RC W5D4 - Engineers shouldn’t write ETLs

Classification of audio data

At yesterday's workshop on neural networks, we trained a convolutional neural network (CNN) on the MNIST dataset. The MNIST dataset consists of hand-drawn digits from zero to nine, 28 pixels by 28 pixels in size. A traditional ML model would treat each of the 784 pixels as simply another feature (hence agnostic to column ordering). A CNN would take 'snapshots' of the image, retaining its 2-dimensional structure and (in line with intuition) outperforms the traditional ML model.

There's a team at RC participating in Kaggle's Birdcall Recognition competition. The competition involves identifying the name of the bird in a birdcall audio file. I learned that converting the audio format into an image and then training a CNN on the image is a common technique. The visual representation of the spectrum of frequencies over time is called a spectrogram.

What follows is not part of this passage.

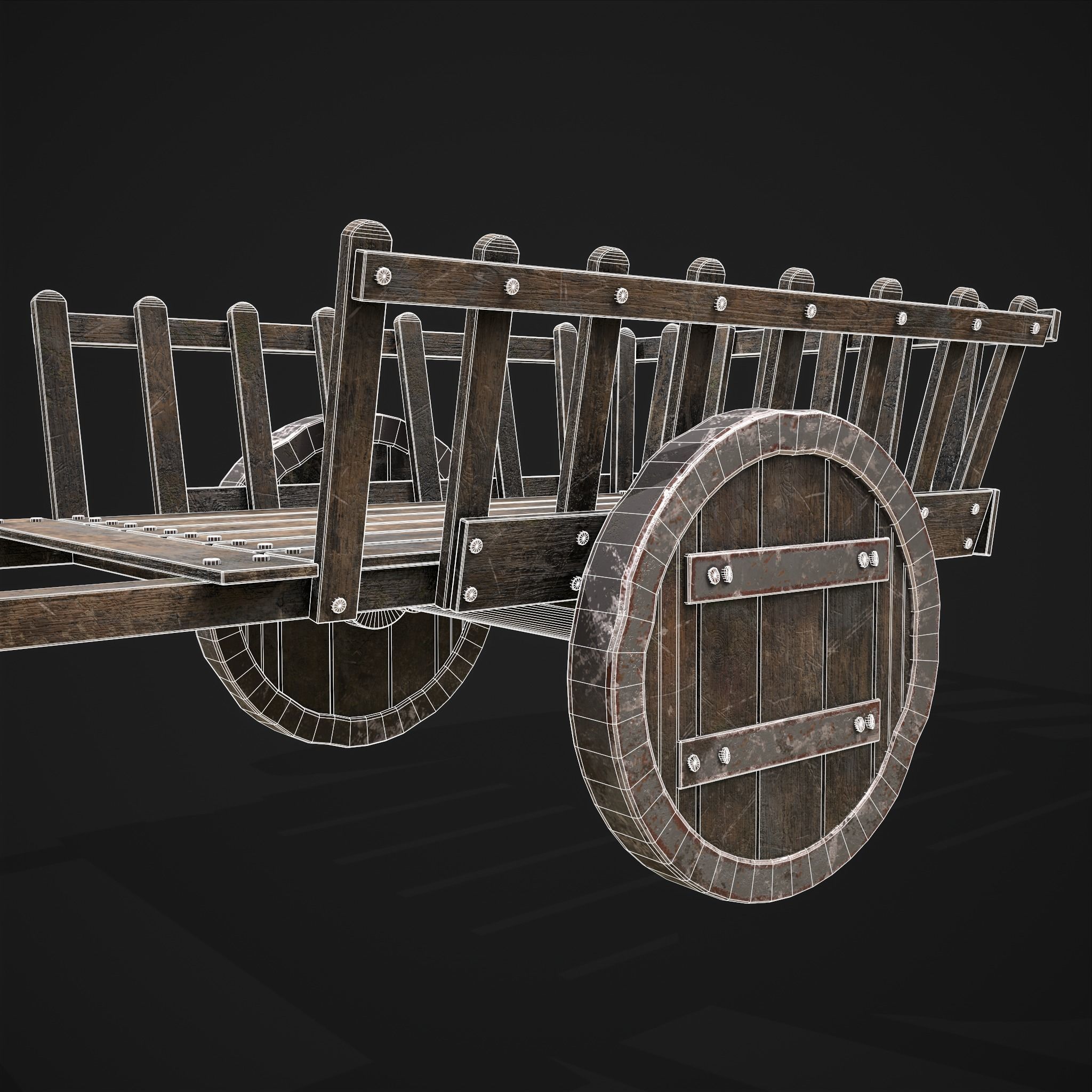 Long Bed Cart Metal Wheeled Low-poly 3D model_12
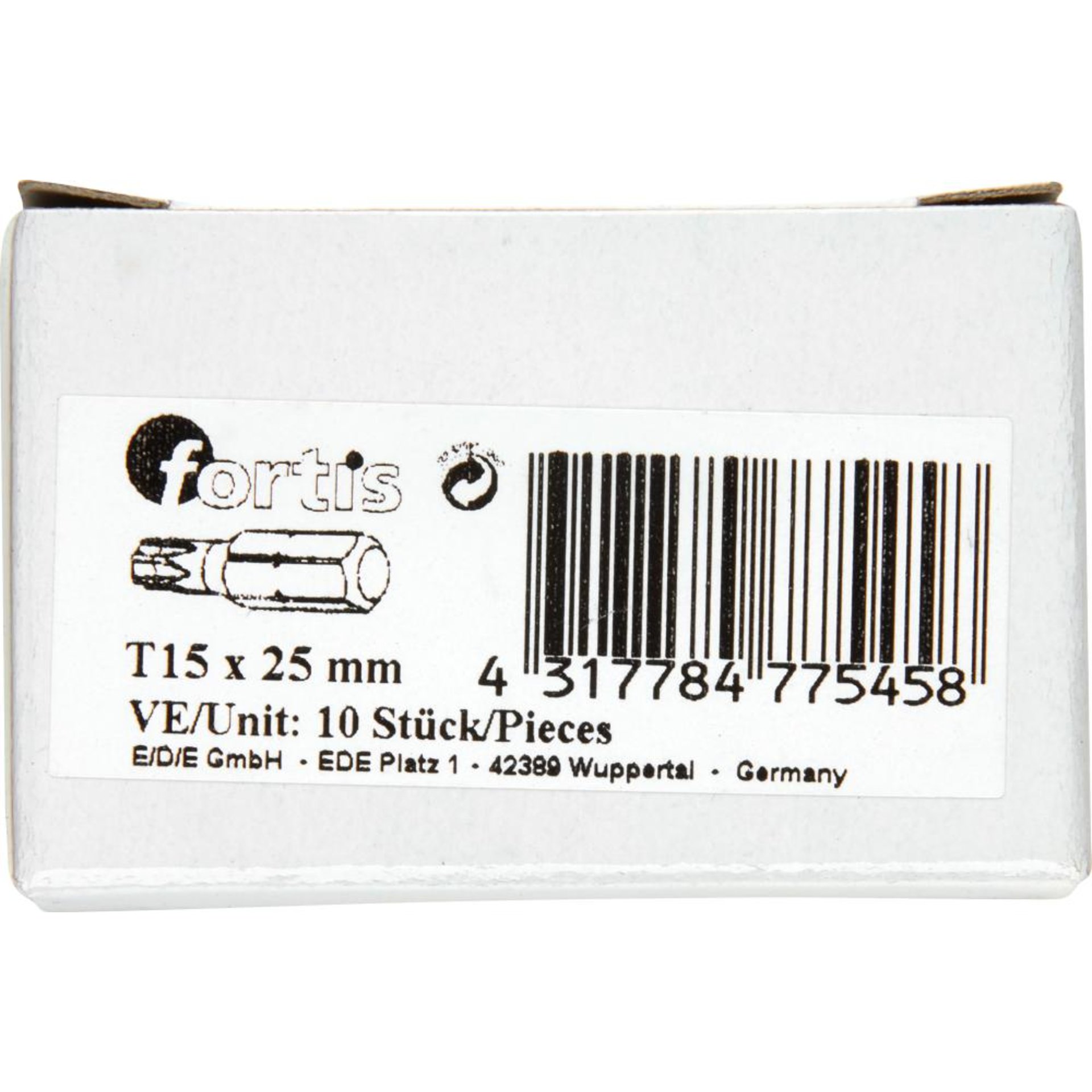 Bit zähhart 1/4" DIN3126 C6,3 T15x25mm 10er Pack FORTIS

The question that arose was how to deal with metadata. I won't go into too much detail since the competition is still ongoing; we explored a number of possibilities with multi-label models. The basic premise is we have a set of models that perform equally well on the main performance metric, and we use the other labels to select the best (or perhaps, the most robust) among them. Excited to see how this plays out!

Content: Data engineering

A common functional split in a company is between data producers and data consumers. Data producers tend to be engineering team(s) that create and maintain ETLs to move and transform data from one source to another. Data consumers tend to be data science team(s) that use the data for analysis and/or modeling.

The problem with this setup relates to handoffs. Data consumers have more context on the data. When there are data quality issues, data consumer will raise this with data producers. There's usually a bottleneck: data consumers care about the data but are blocked pending a fix, data producers don't have as much insight into use cases but have to prioritize inbound requests.

The following Stitch Fix post proposes a different model, reducing instances where the problem is passed "over the wall". In this model, data producers create tools to make it easy for consumers to create and maintain ETLs i.e. "design new Lego blocks". Data consumers owns the process end-to-end, i.e. "assemble [the Lego blocks] in creative ways to create new data science".

https://multithreaded.stitchfix.com/blog/2016/03/16/engineers-shouldnt-write-etl/

This way each team can take ownership of the things they care about, iterate autonomously and move faster together.